Afonso de Albuquerque demoliu a Grande Mesquita e levantou no local uma fortaleza ou torre de vários sobrados, 'A Famosa', lançando os rudimentos da nova administração da cidade, pela qual o cargo de bendahara, primeiro-ministro sob o sultanato, foi entregue a Nina Chatu, líder da comunidade keling, e o de tumenggung, ou ministro da justiça, se tornou chefe dos muçulmanos, embora mais tarde viesse a ser desempenhado por cristãos nativos de sangue real. Albuquerque despoletou ainda contactos diplomáticos com reinos pagãos vizinhos, de forma a assegurar uma rede regional de alianças.

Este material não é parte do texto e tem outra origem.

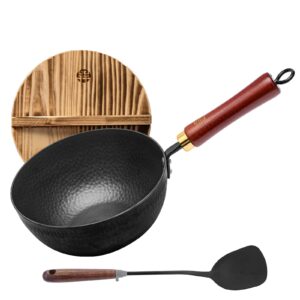 wangyuanji handmade cast iron wok,non-coated stir fry pan,8.6-inch iron pot with lid and spatula,suitable for home cooking, compatible with induction, gas, and electric ceramic cooktops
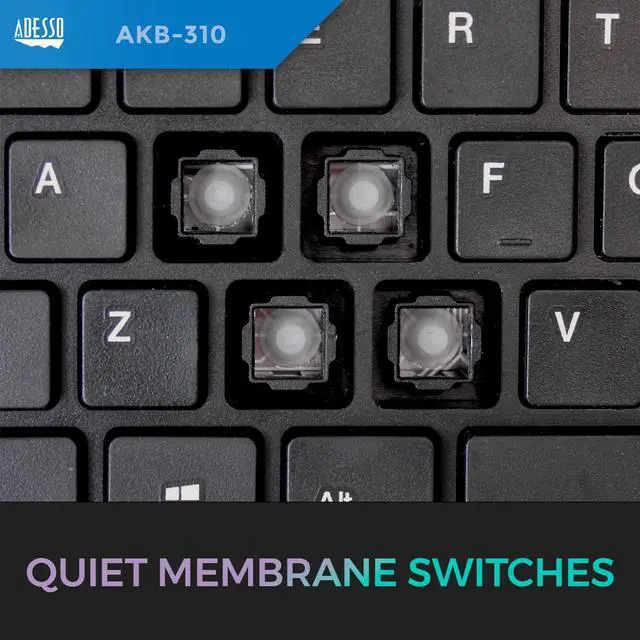 Alt view image 4 of 5 - ADESSO AKB-310UB - Wired USB Mini Trackball USB Keyboard, 87-Key US Layout, Black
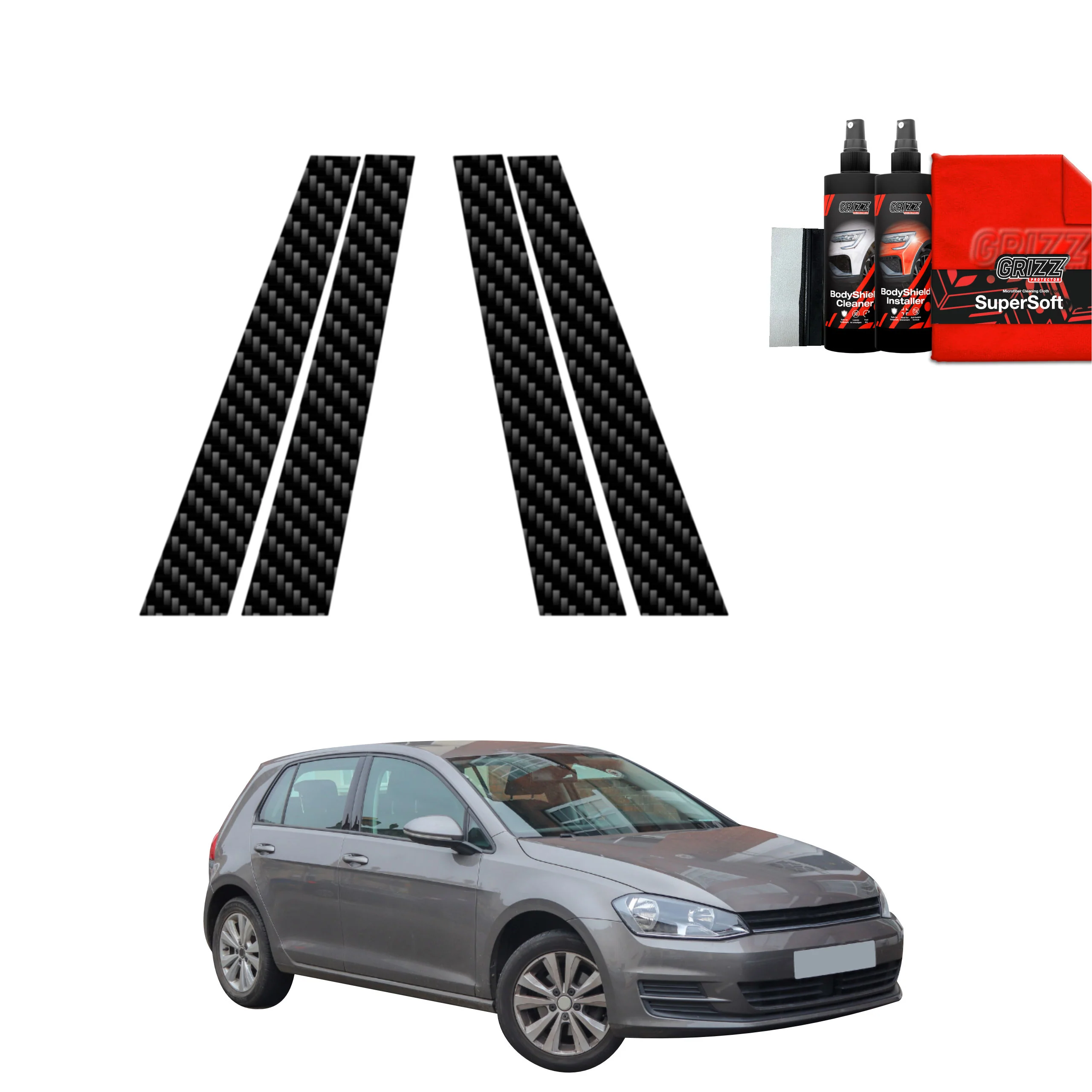 4in1 Kohlenstoff Schutzfolie Grizz Protector für B-Säule - Volkswagen Golf 7 Hatchback 5D (2012-2020)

A importância do entreposto malaio foi sintetizada na frase lapidar do seu segundo capitão, Jorge de Albuquerque: «mallaqua nam tem nada de seu e tem todollas cousas que a no mundo». Após a conquista portuguesa, dado o êxodo da comunidade guzerate e os problemas internos ligados à ocupação, a cidade passou por um período de retracção, que duraria até fins da década de 1520 e permitiu a ascensão de portos rivais, como o Aceh. O movimento do porto recuperou e cresceu lentamente, sendo pontualmente interrompido por guerras e cercos levados a cabo pelo Aceh e por Johor, por vezes com apoio de Japará e outros portos javaneses. Sofreu 9 cercos em pouco mais de meio século (1537, 1547, 1551, 1568, 1573, 1574, 1575, 1581,1587 e 1593). Exceptuando os períodos de guerra, acolhia anualmente entre 30 a 40 grandes navios do Coromandel e de Bengala, bem como várias centenas de juncos de Java e ainda embarcações dos portos de Samatra e do Estreito, do Golfo do Sião e do Mar da China. Criada em 1545, a alfândega portuguesa de Malaca tornar-se-ia numa das principais fontes de receita do Estado da Índia. A composição social da cidade foi-se alterando significativamente ao longo do século XVI. O número de 'casados' portugueses cresceu de uma dezena, em 1514, para 40, em 1532, e 60 oito anos depois, atingindo uma centena em 1580. No século XVII, são referidos 200 a 600, consoante o sempre variável critério de inclusão social neste grupo que compreendia 'casados brancos' e 'cristãos casados'.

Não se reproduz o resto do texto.